Material for the task>
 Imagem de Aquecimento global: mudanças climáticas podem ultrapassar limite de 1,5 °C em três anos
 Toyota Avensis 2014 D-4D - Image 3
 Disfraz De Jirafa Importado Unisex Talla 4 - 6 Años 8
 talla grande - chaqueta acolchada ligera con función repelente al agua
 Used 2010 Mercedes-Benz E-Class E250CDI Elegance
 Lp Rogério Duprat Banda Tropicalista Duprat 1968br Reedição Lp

---

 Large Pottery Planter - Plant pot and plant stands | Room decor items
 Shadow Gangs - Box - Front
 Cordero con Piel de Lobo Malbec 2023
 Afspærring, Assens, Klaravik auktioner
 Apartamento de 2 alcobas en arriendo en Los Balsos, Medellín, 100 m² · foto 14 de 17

What the task requires> Out of the data above, transcribe exactly and only the lines starting with the line that has "Imagem de Aquecimento" and going on through the line that has "Lp Rogério Duprat", both included.

Task solution>
 Imagem de Aquecimento global: mudanças climáticas podem ultrapassar limite de 1,5 °C em três anos
 Toyota Avensis 2014 D-4D - Image 3
 Disfraz De Jirafa Importado Unisex Talla 4 - 6 Años 8
 talla grande - chaqueta acolchada ligera con función repelente al agua
 Used 2010 Mercedes-Benz E-Class E250CDI Elegance
 Lp Rogério Duprat Banda Tropicalista Duprat 1968br Reedição Lp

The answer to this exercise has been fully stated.